• [Collected material]:
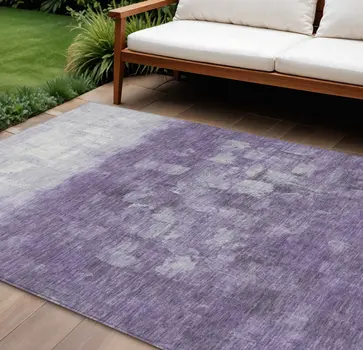 8' X 10' Purple And Silver Abstract Washable Indoor Outdoor Area Rug
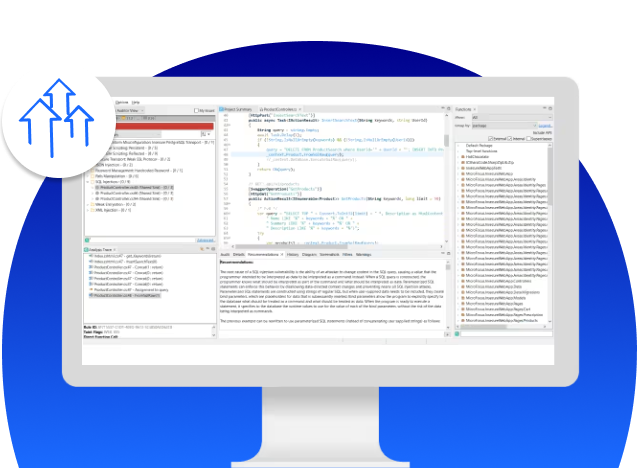 Computer display of OpenText Fortify SAST product platform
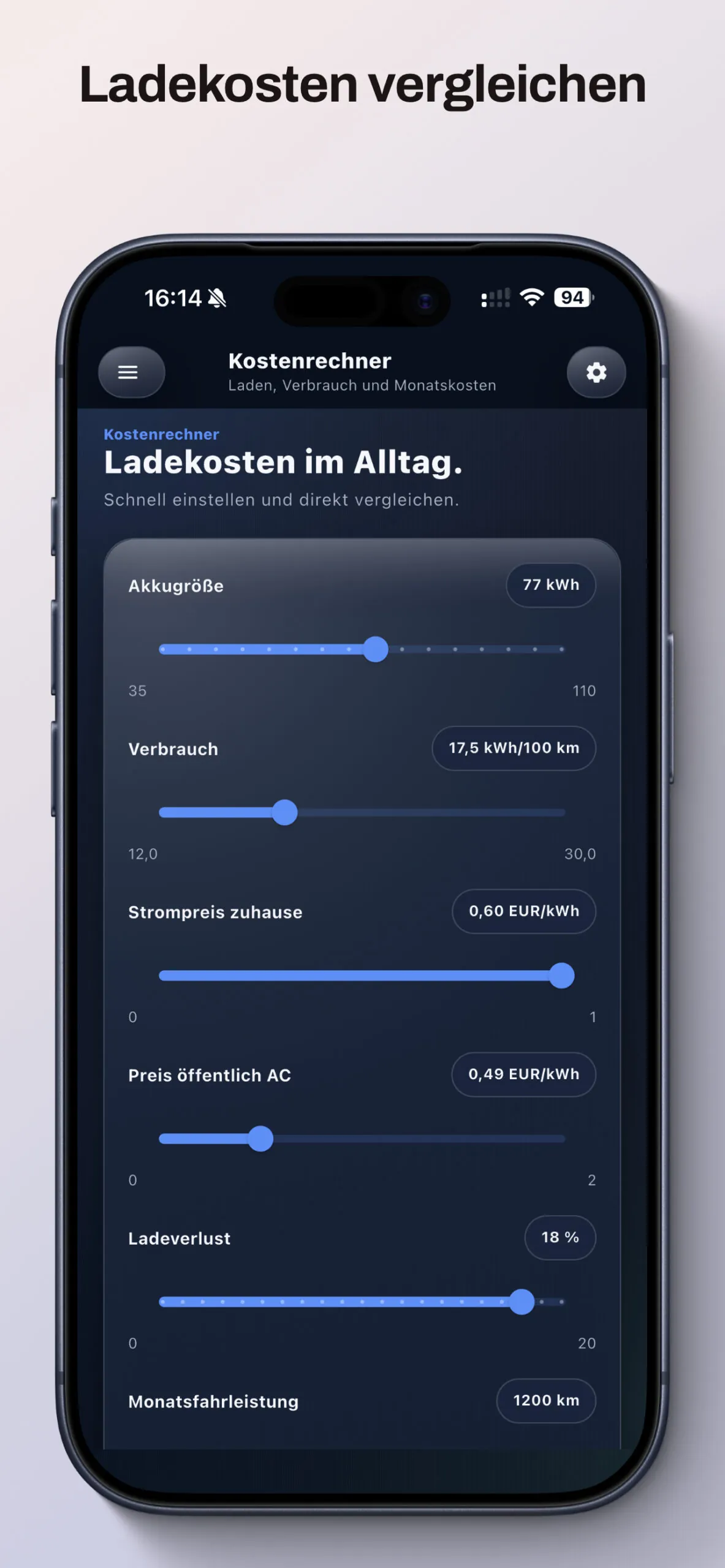 StromStart Kostenrechner mit Akkugröße, Verbrauch, Strompreisen, Ladeverlust und Monatsfahrleistung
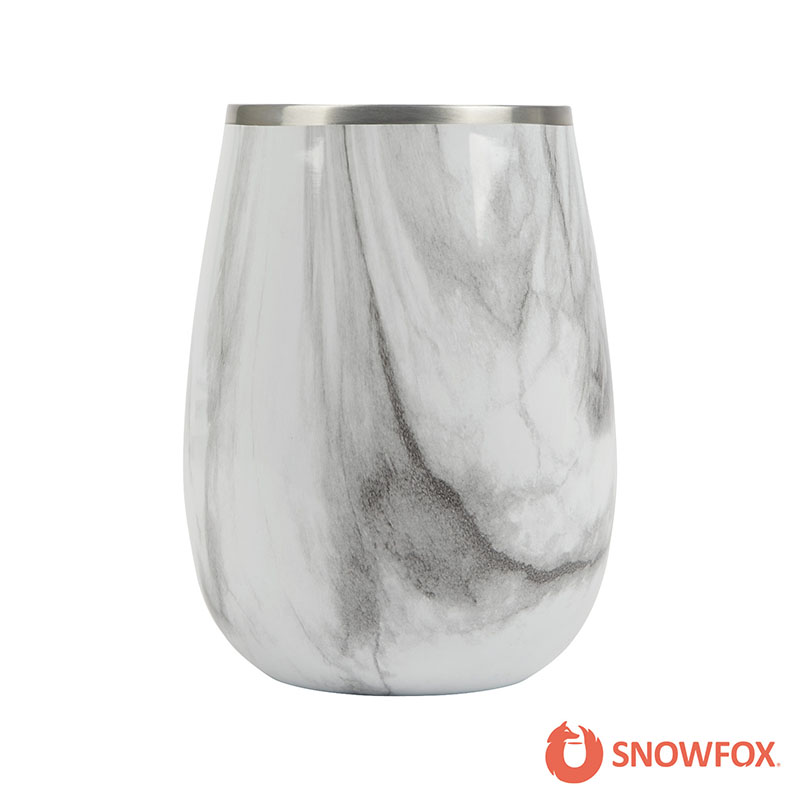 Picture of Snowfox 13.5 oz. Vacuum Insulated Marble Finish Pinot Noir Wine Glass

• [Problem description]:
Would you output the full listing exactly as it stands, minus the images?

• [Solution to this task]:
 8' X 10' Purple And Silver Abstract Washable Indoor Outdoor Area Rug
 Computer display of OpenText Fortify SAST product platform
 StromStart Kostenrechner mit Akkugröße, Verbrauch, Strompreisen, Ladeverlust und Monatsfahrleistung
 Picture of Snowfox 13.5 oz. Vacuum Insulated Marble Finish Pinot Noir Wine Glass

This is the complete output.